A Stall-Aware Warp Scheduling for Dynamically Optimizing Thread-level Parallelism in GPGPUs

General-Purpose Graphic Processing Units (GPGPU) have been widely used in high performance computing as application accelerators due to their massive parallelism and high throughput. A GPGPU generally contains two layers of schedulers, a cooperative-thread-array (CTA) scheduler and a warp scheduler, which administer the thread level parallelism (TLP). Previous research shows the maximized TLP does not always deliver the optimal performance. Unfortunately, existing warp scheduling schemes do not optimize TLP at runtime, which is impossible to fit various access patterns for diverse applications. Dynamic TLP optimization in the warp scheduler remains a challenge to exploit the GPGPU highly-parallel compute power. In this paper, we comprehensively investigate the TLP performance impact in the warp scheduler.

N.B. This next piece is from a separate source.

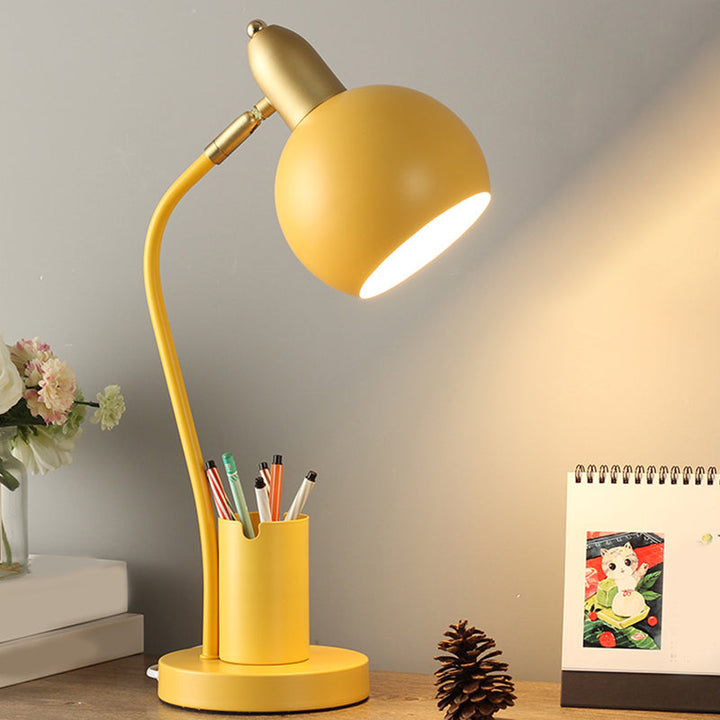 Lisslune | LumiSphere - Metal sphere night light with tubular pen holder design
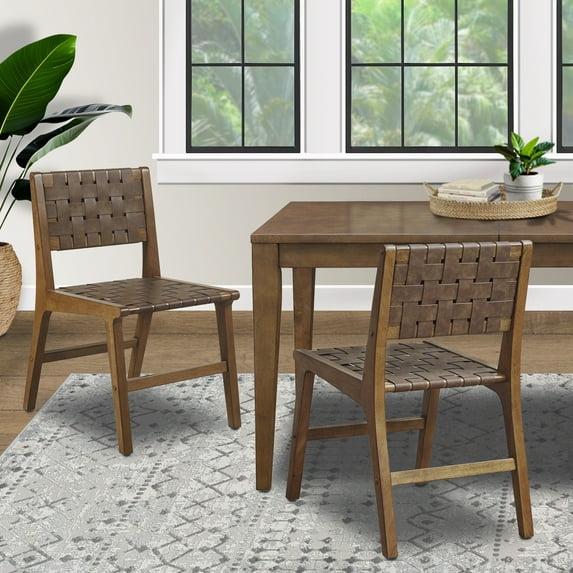 Hokku Designs Faux Leather Woven Dining Chairs Set Of 2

Based on our analysis of the pipeline efficiency, we propose a Stall-Aware Warp Scheduling (SAWS), which optimizes the TLP according to the pipeline stalls. SAWS adds two modules to the original scheduler to dynamically adjust TLP at runtime. A trigger-based method is employed for a fast tuning response. We simulated SAWS and conducted extensive experiments on GPGPU-Sim using 21 paradigmatic benchmarks. Our numerical results show that SAWS effectively improves the pipeline efficiency by reducing the structural hazards without causing extra data hazards. SAWS achieves an average speedup of 14.7% with a geometric mean, even higher than existing Two-Level scheduling scheme with the optimal fetch group sizes over a wide range of benchmarks. More importantly, compared with the dynamic TLP optimization in the CTA scheduling, SAWS still has 9.3% performance improvement among the benchmarks, which shows that it is a competitive choice by moving dynamic TLP optimization from the CTA to warp scheduler.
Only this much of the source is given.